Electrons on Target

The number of "Electrons on Target" (EoT) of a simulated or collected data sample is an important measure on the quantity of data the sample represents. Estimating this number depends on how the sample was constructed.

Real Data Collection

For real data, the accelerator folks at SLAC construct a beam that has a few parameters we can measure (or they can measure and then tell us).

  • duty cycle \(d\): the fraction of time that the beam is delivering bunches
  • rate \(r\): how quickly bunches are delivered
  • multiplicity \(\mu\): the Poisson average number of electrons per bunch

The first two parameters can be used to estimate the number of bunches the beam delivered to LDMX given the amount of time we collected data \(t\). \[ N_\text{bunch} = d \times r \times t \]

For an analysis that only inspects single-electron events, we can use the Poisson fraction of these bunches that corresponds to one-electron to estimate the number of EoT the analysis is inspecting. \[ N_\text{EoT} \approx \mu e^{-\mu} N_\text{bunch} \] If we are able to include all bunches (regardless on the number of electrons), then we can replace the Poisson fraction with the Poisson average. \[ N_\text{EoT} \approx \mu N_\text{bunch} \] A more precise estimate is certainly possible, but has not been investigated or written down to my knowledge.

Simulation

For the simulation, we configure the sample generation with a certain number of electrons per event (usually one) and we decide how many events to run for. Complexity is introduced when we do more complicated generation procedures in order to access rarer processes.

Single Electron Events

All of the discussion below is for single-electron events. Multiple-electron events are more complicated and have not been studied in as much detail.

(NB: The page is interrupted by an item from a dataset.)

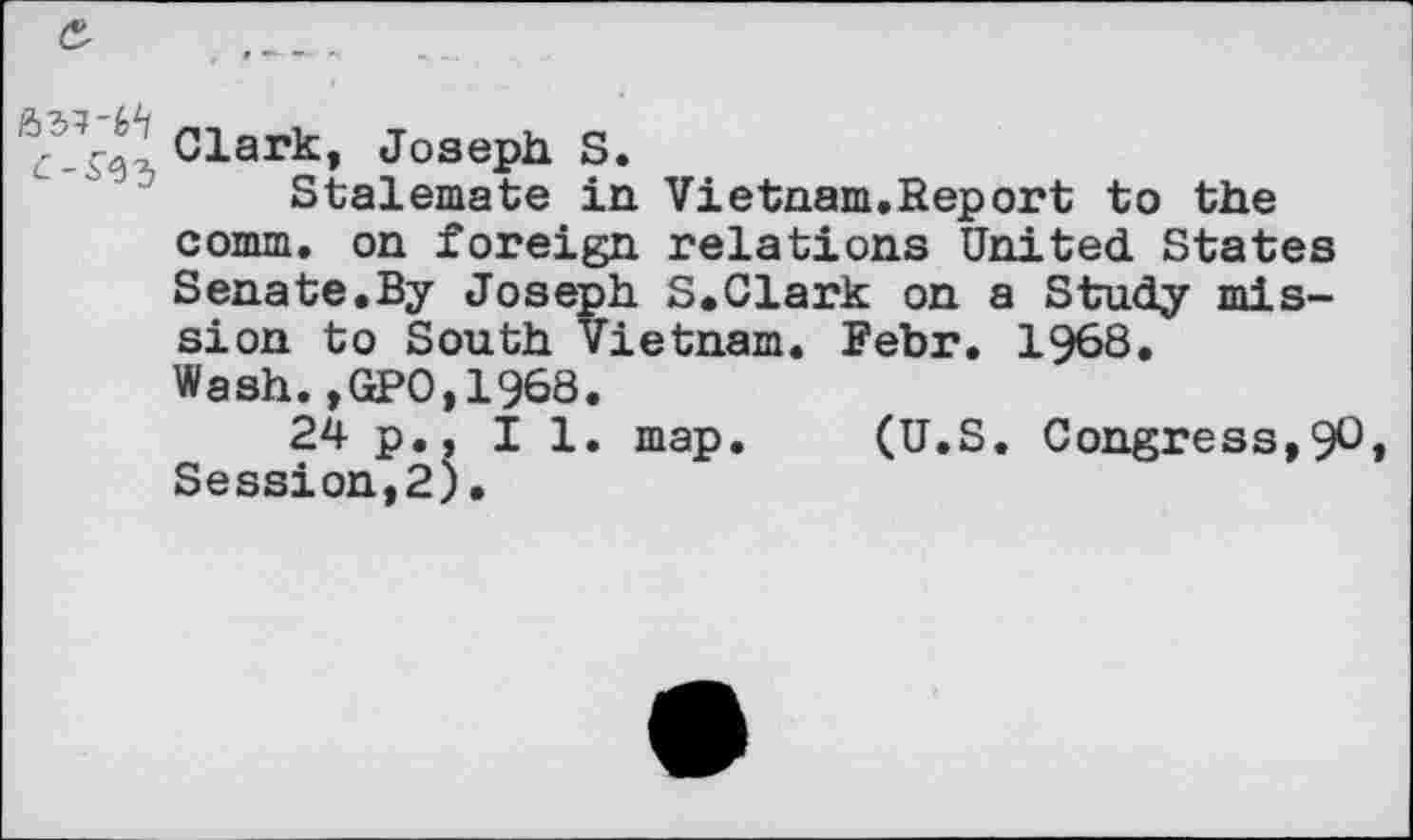 ﻿Clark, Joseph S.
Stalemate in Vietnam.Report to the comm, on foreign relations United States Senate.By Joseph S.Clark on a Study mission to South Vietnam. Fehr. 1968. Wash.,GPO,1968.
24 p., I 1. map. (U.S. Congress,90 Session,2).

In general, a good first estimate for the number of EoT a simulation sample represents is \[ N_\text{EoT}^\text{equiv} = \frac{N_\text{sampled}}{\sum w} N_\text{attempt} \] where

  • \(N_\text{sampled}\) is the number of events in the file(s) that constitute the sample
  • \(\sum w\) is the sum of the event weights of those same events
  • \(N_\text{attempt}\) is the number of events that were attempted when simulating

Another way to phrase this equation (one that is more appropriate for the statistical analysis below) is \[ N_\text{EoT}^\text{equiv} = \frac{N_\mathrm{attempt}}{\langle{w}\rangle} \] where \(\langle{w}\rangle\) is the mean event weight over the sampled events. Dividing by this mean event weight is like multiplying by an "effective biasing factor" since the event weights being with a value of \(1/B\).

Finding Number of Attempted Events

Currently, the number of attempted events is stored as the num_tries_ member of the RunHeader

Samples created with ldmx-sw verions >= v3.3.5 and <= v4.4.7 store this number in the numTries_ member of the RunHeader.

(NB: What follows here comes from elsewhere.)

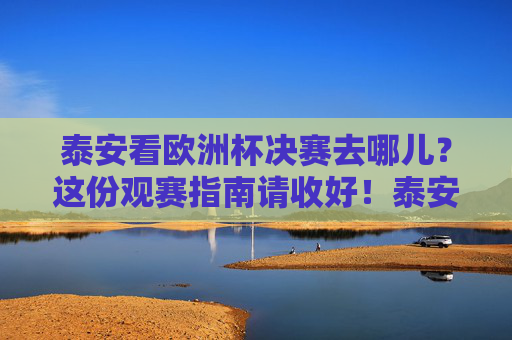 泰安看欧洲杯决赛去哪儿？这份观赛指南请收好！泰安看欧洲杯决赛去哪儿？这份观赛指南请收好！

Samples created with ldmx-sw versions <= v3.1.11 have access to the "Events Began" field of the intParameters_ member of the RunHeader.

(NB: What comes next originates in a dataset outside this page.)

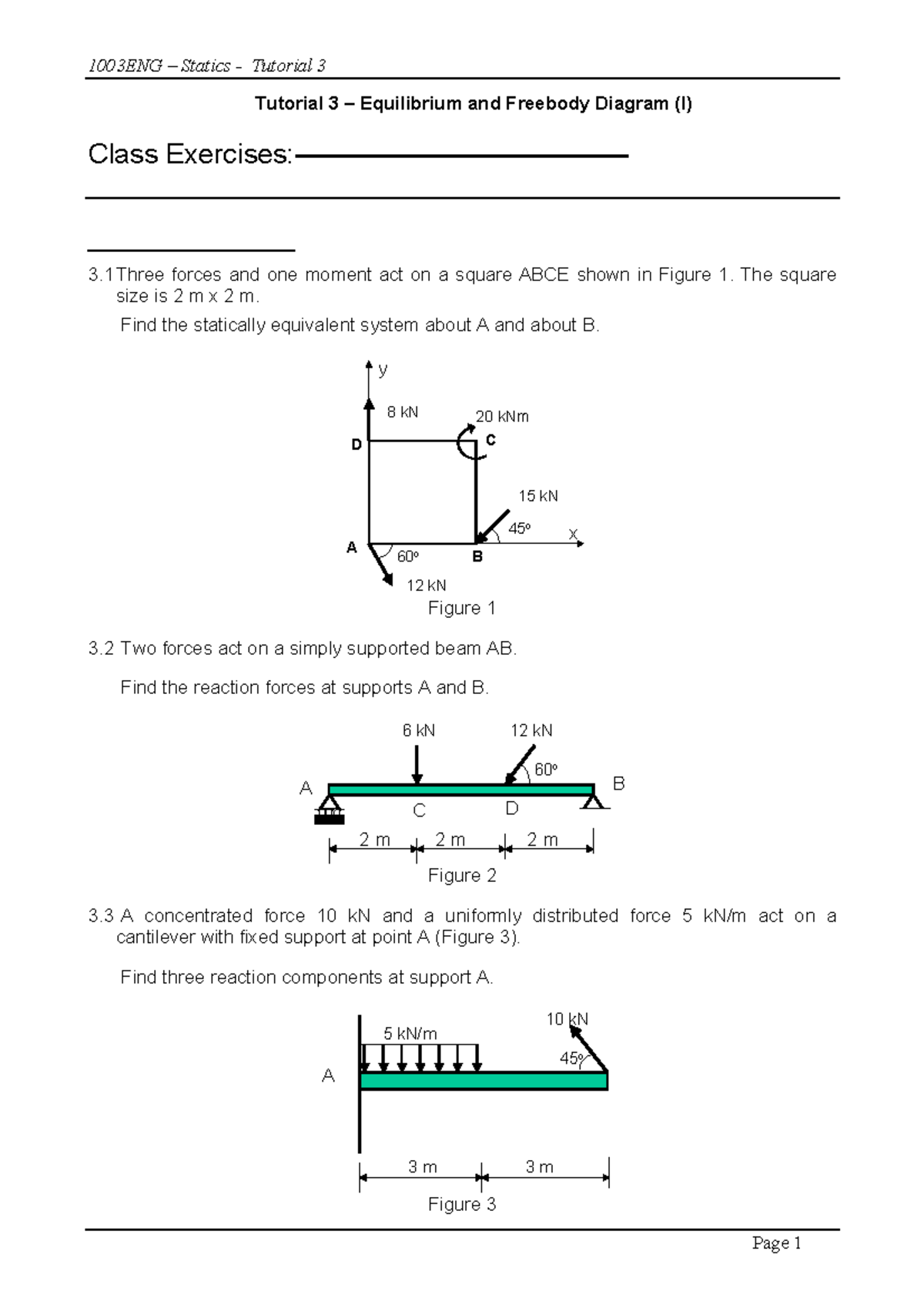 Statics And Materials-tut3 - 100 3ENG – Statics - Tutorial 3 Tutorial 3 ...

The easiest way to know for certain the number of tries is to just set the maximum number of events to your desired number of tries \(N_\mathrm{attempt}\) and limit the number of tries per output event to one (p.maxTriesPerEvent = 1 and p.maxEvents = Nattempt in the config script).

Inclusive

The number of EoT of an inclusive sample (a sample that has neither biasing or filtering) is just the number of events in the file(s) that constitute the sample.

The general equation above still works for this case. Since there is no biasing, the weights for all of the events are one \(w=1\) so the sum of the weights is equal to the number of events sampled \(N_\text{sampled}\). Since there is no filtering, the number of events attempted \(N_\text{attempt}\) is also equal to the number of events sampled. \[ N_\text{EoT}^\text{inclusive} = N_\text{sampled} \]

Filtered

Often, we filter out "uninteresting" events, but that should not change the EoT the sample represents since the "uninteresting" events still represent data volume that was processed. This is the motivation behind using number of events attempted \(N_\text{attempt}\) instead of just using the number in the file(s). Without any biasing, the weights for all of the events are one so the sum of the weights is again equal to the number of events sampled and the general equation simplifies to just the total number of attempts. \[ N_\text{EoT}^\text{filtered} = N_\text{attempt} \]

Biased

Generally, we find the equivalent electrons on target (\(N_\text{EoT}^\text{equiv}\)) by multiplying the attempted number of electrons on target (\(N_\mathrm{attempt}\)) by the biasing factor (\(B\)) increasing the rate of the process focused on for the sample.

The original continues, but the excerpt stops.